I am soooooo stressed out.
This house buying experience has been driving me nuts. I feel so sorry for the owner. I know that she's planning a trip to Europe with this money and I'm so sorry that this has taken so long.Meanwhile I'm in a panic. I have to pay $695 to an inspection service whether we get the house or not. Allstate is continuing to debit our account for the insurance premiums whether we get the house or not. We've paid the $300 for an appraisal that falls way short on the true value on the house. The insured value on the house and the purchase price are almost $60k apart. I keep waiting and waiting. It's so hard to wait. So I told Eddie that we needed to cancel the insurance and to tell the lender we were cancelling the insurance today if they didn't get us approved.
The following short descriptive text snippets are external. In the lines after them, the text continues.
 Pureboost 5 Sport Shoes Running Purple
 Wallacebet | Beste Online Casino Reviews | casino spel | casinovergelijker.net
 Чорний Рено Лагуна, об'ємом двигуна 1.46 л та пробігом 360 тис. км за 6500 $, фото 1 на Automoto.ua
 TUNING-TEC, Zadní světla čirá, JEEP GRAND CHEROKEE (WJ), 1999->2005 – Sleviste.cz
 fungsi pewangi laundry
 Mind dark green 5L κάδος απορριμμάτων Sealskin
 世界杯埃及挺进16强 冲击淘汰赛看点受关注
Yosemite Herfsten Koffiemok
Of course they say wait until tomorrow morning. I'm shaking, I'm so upset. I honestly told Eddie I'm suicidal over this and I am, well more like self destructive. Bad checks and high debts are calling to me.
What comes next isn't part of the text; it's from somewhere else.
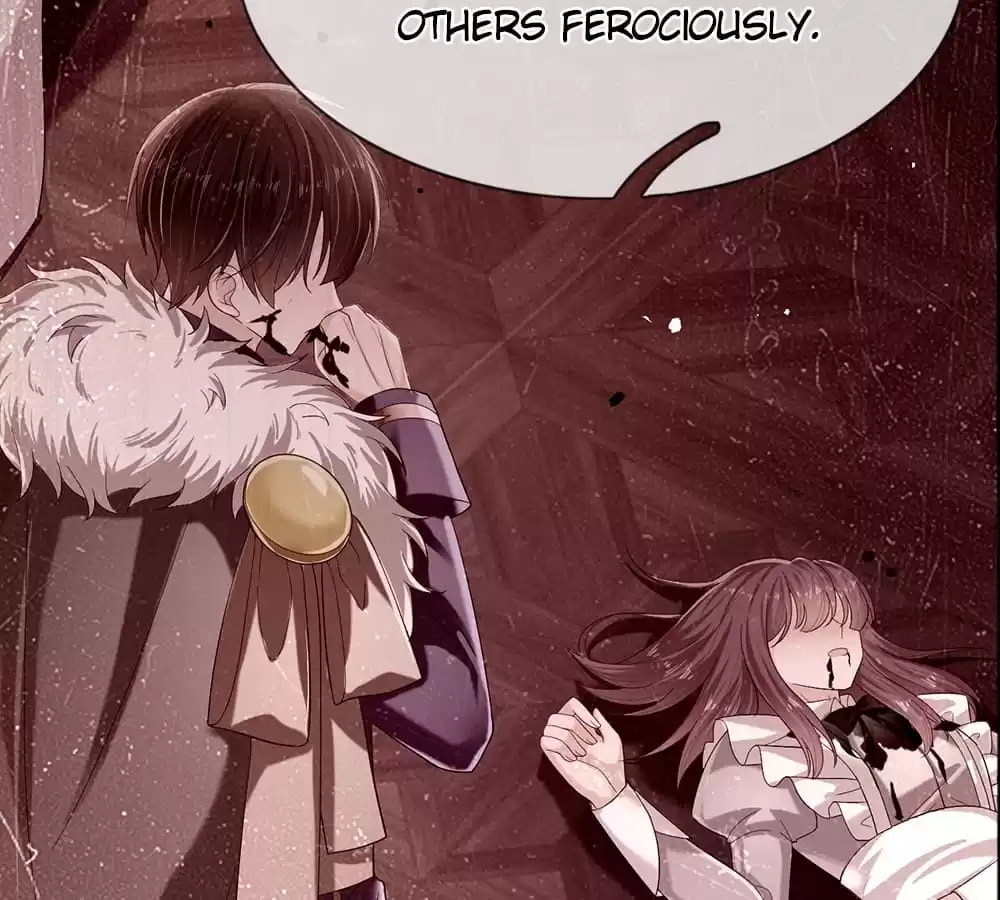 Adorable Empress Edith (Colored) Chapter 152 page 56 -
On another hand we got one copy of my credit report and at least I don't see any credit checks that I haven't approved. So maybe we can get things back on track. I saw a few small things that I could have paid off but didn't so I'll try to get a job to get some of these things paid.
Tomorrow I have to see a DHS worker, I was hoping I would have a job so we wouldn't need to go through this scrutiny but the boys need the insurance. I need to gather the paperwork together and get printouts tomorrow for the bank accounts.
God, I feel like puking or getting smashed. I could do both right now.